In response, IBM, for example, launched Analytic Answers to give SMBs access to predictive analytics as a service through IBM Smart Cloud. An insurance company might want to know what percentage of its customer base is most likely to purchase a certain kind of insurance plan. Analytic Answers lets the business user type in a question and then instantly analyzes the company's data sets to present a reasonable answer.

Not to be outdone, SAP launched its own SMB-friendly solution when it unveiled its Business One application available through SAP HANA, its real-time, high-speed, in-memory platform.

In addition, more than 150 software start-ups are using SAP HANA as a development platform to service their own customers.

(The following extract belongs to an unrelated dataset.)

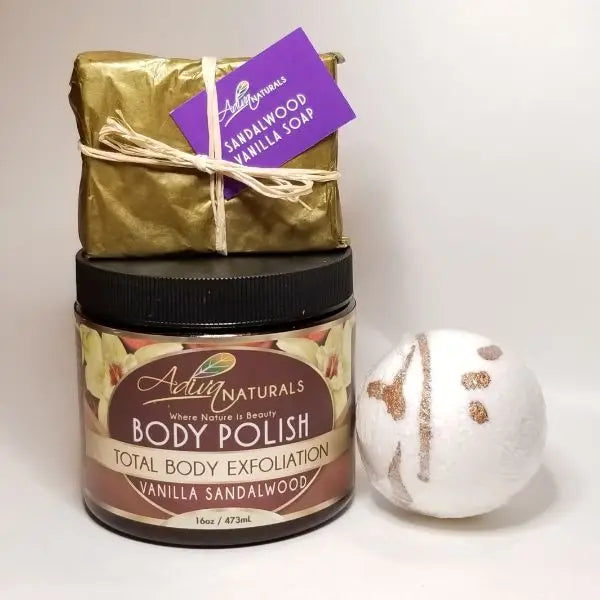 Luxurious Bath Set: Body Polish, Bath Bomb & Soap - Vanilla Sandalwood 💎Luxe by Adiva Naturals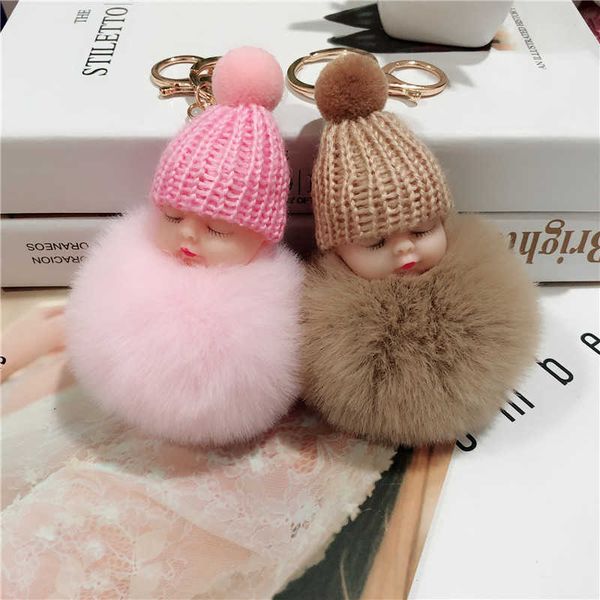 

1pc sleeping baby doll pompoms keychain soft fur ball pom key chains woman bag jewelry accessories plush kawaii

One company, Liquid Analytics, uses the platform to create iPhone, Android, and BlackBerry apps for wholesale sales reps with predictive and "gamified" features built in. Laurie McCabe, cofounder and partner at the SMB Group, a consulting firm that specializes in understanding the technology requirements of smaller firms, says this kind of deep-rooted analytics is still relatively "underpenetrated" but growing.

Although SMB Group research has found a wide gap in demand for big data analytics between small businesses and large enterprises, McCabe maintains the gap will close as both types of companies share very similar needs.

Companies large and small need to acquire customers, find out how to prevent customer churn, ensure customers are buying the right kinds of products, and drive value, says Shashi Upadhyay, CEO of Lattice Engines, a provider of big data analytics solutions. "The real question is what tools, data, and resources do you have available to actually go after those problems."